Do i need to configure anything else?

these are my routes




add check-gateway=ping distance=1 gateway=8.8.8.8 routing-mark=to_ISP1
add check-gateway=ping distance=2 gateway=8.8.4.4 routing-mark=to_ISP1
add check-gateway=ping distance=1 gateway=8.8.4.4 routing-mark=to_ISP2
add check-gateway=ping distance=2 gateway=8.8.8.8 routing-mark=to_ISP2
add distance=1 dst-address=8.8.4.4/32 gateway=192.168.0.1 scope=10
add distance=20 dst-address=8.8.4.4/32 type=blackhole
add distance=1 dst-address=8.8.8.8/32 gateway=192.168.1.1 scope=10
add distance=20 dst-address=8.8.8.8/32 type=blackhole

and these are my mangle rules

/ip firewall mangle
add action=accept chain=prerouting dst-address=192.168.1.0/24 in-interface=\
    bridge
add action=accept chain=prerouting dst-address=192.168.0.0/24 in-interface=\
    bridge
add action=mark-connection chain=prerouting connection-mark=no-mark \
    in-interface=ether1 new-connection-mark=ISP1_conn passthrough=yes
add action=mark-connection chain=prerouting connection-mark=no-mark \
    in-interface=ether2 new-connection-mark=ISP2_conn passthrough=yes
add action=mark-connection chain=prerouting connection-mark=no-mark \
    dst-address-type=!local in-interface=bridge new-connection-mark=ISP1_conn \
    passthrough=yes per-connection-classifier=both-addresses:2/0
add action=mark-connection chain=prerouting connection-mark=no-mark \
    dst-address-type=!local in-interface=bridge new-connection-mark=ISP2_conn \
    passthrough=yes per-connection-classifier=both-addresses:2/1
add action=mark-routing chain=prerouting connection-mark=ISP1_conn \
    in-interface=bridge new-routing-mark=to_ISP1 passthrough=yes
add action=mark-routing chain=prerouting connection-mark=ISP2_conn \
    in-interface=bridge new-routing-mark=to_ISP2 passthrough=yes
add action=mark-routing chain=output connection-mark=ISP1_conn \
    new-routing-mark=to_ISP1 passthrough=yes
add action=mark-routing chain=output connection-mark=ISP2_conn \
    new-routing-mark=to_ISP2 passthrough=yes

Do I have to set anything else for a proper loadbalancing with failover? The wan connections are 2 ADSL lines (I don’t have the option for PPPoE setup due to ISP limitation at their modem/router)

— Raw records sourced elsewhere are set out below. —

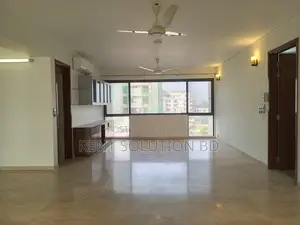 গুলশানে ভাড়ার জন্য ৪৬০০ বর্গফুটের বিলাসবহুল অ্যাপার্টমেন্ট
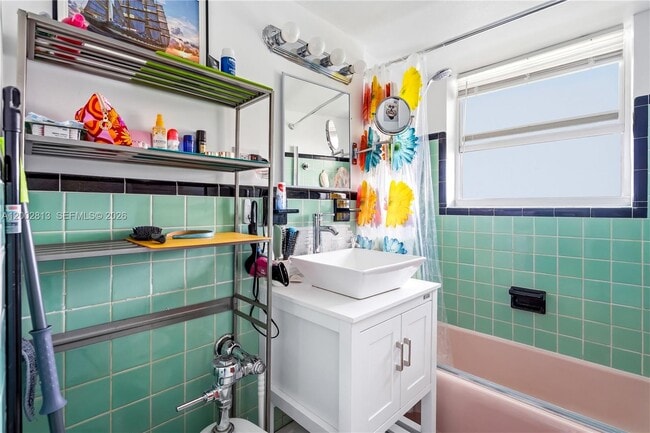 Building Photo - 6484 Indian Creek Dr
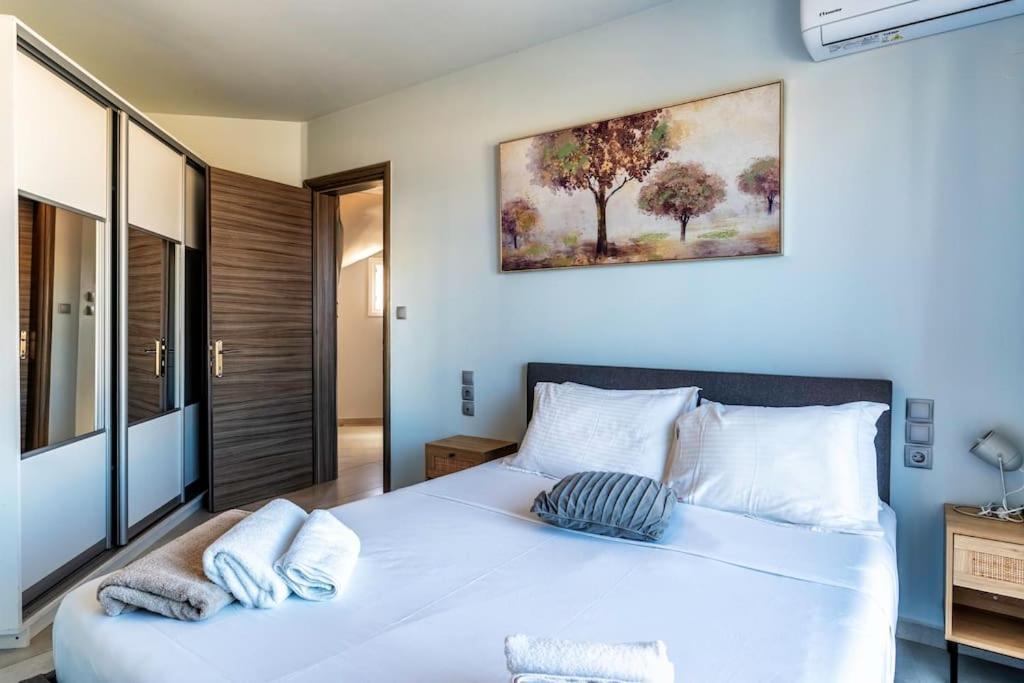 Zefyros Suite , Seafront Retreat ! Pánormos Eksteriør billede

Is there anything wrong with the above setup?

Also how I can figure out the weight ratio of the above setup? How are connections distribute between the 2 WANs ? How i can “push” more connections at WAN 1 for example?

You’re in a double NAT situation. Ask the ISP to bridge the CPE. Then establish PPPoE at the router level. That’s is the right way to do it.

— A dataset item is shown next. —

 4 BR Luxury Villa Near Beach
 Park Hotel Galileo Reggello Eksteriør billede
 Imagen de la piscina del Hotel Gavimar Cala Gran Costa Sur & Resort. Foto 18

Double NAT will create all sorts of weird issues for obvious reasons.

as far as I among other folks on this topic have checked recursive route for the purpose of failover does not come along with PCC load balancing if two or more route marks are being used.

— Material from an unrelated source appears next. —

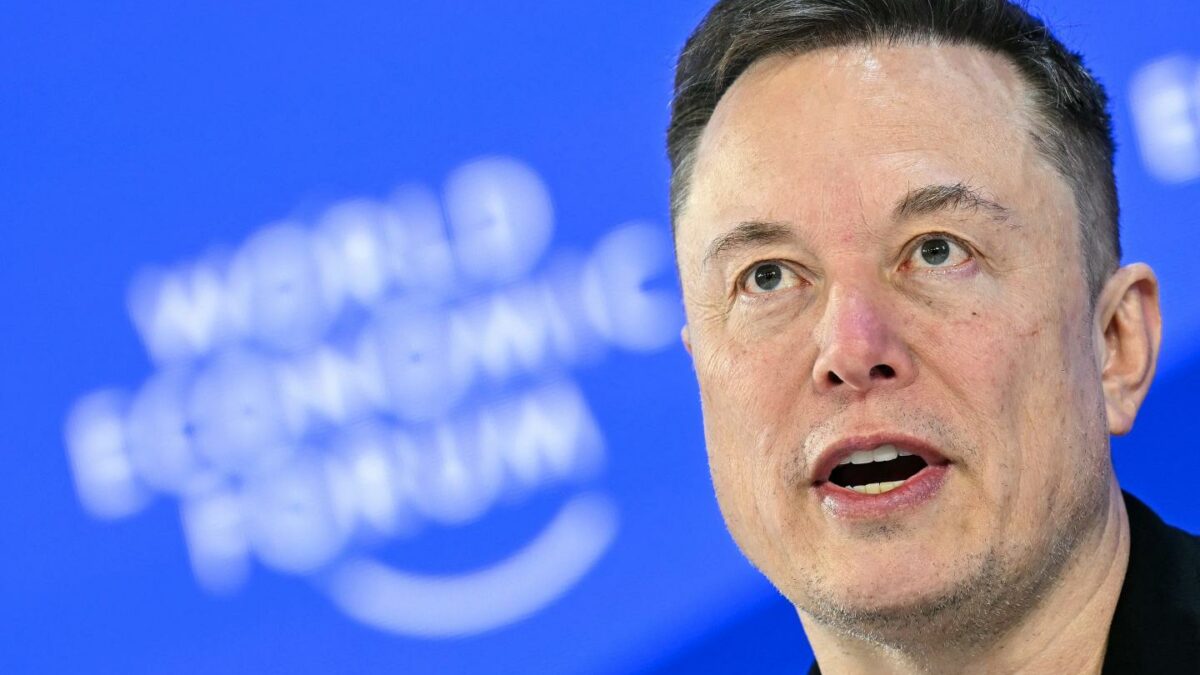 Billionaires Elon Musk and Mark Zuckerberg used mortgages to buy multimillion-dollar mansions. Here’s why that’s a savvy financial decision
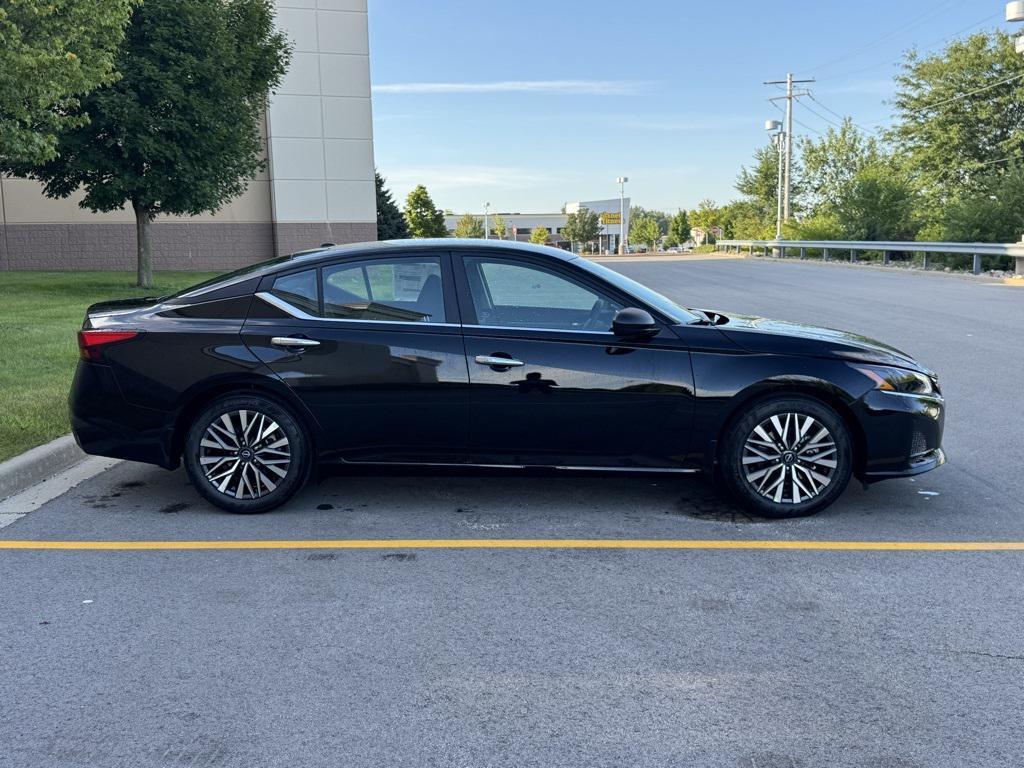new 2025 Nissan Altima car, priced at $27,875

I use PCC+Nth mangle load balancing + recursive routes just fine. I’ve shared the config in previous posts.

I know i am at dual nat state. From the ISP side is not possible for a pppoe connection. Also the CPE manages the Voip telephony so my only option is connecting with just an IP.

Is there any way to manage or handle the dual nat problems?

btw how does the above config distributes the connections? Is it round robin LB? is there any way to create “weight” ratios between theese 2 WAN?

Send an email to your ISP’s ASN’s NOC team, that’s their L3 and above layer team, ask them to enable bridge mode functionality for you, they will do it. The VoIP+VLAN tagging (if any) can easily be replicated on RouterOS once your ISP releases any L2.5 MAC binding and create fresh ones for RouterOS.

Never work with double NAT shit, chances are you’re in a triple NAT, one CGNAT at ISP level, one NAT at CPE, one NAT at RouterOS level.

MikroTik’s load balancing is complex and flexible. You can use PCC to weight distribute or even Nth. Many possible combos. I use PCC for 80/443 traffic and Nth for all other ports. The end result of my method? You will get aggregated bandwidth from both ISPs for multi-threaded traffic or SCTP traffic (which works in RouterOS by default).

I have looked at Cisco, Juniper, VyOS, pfSense etc. No vendor apart from MikroTik offers L3/L4 load balancing combo features.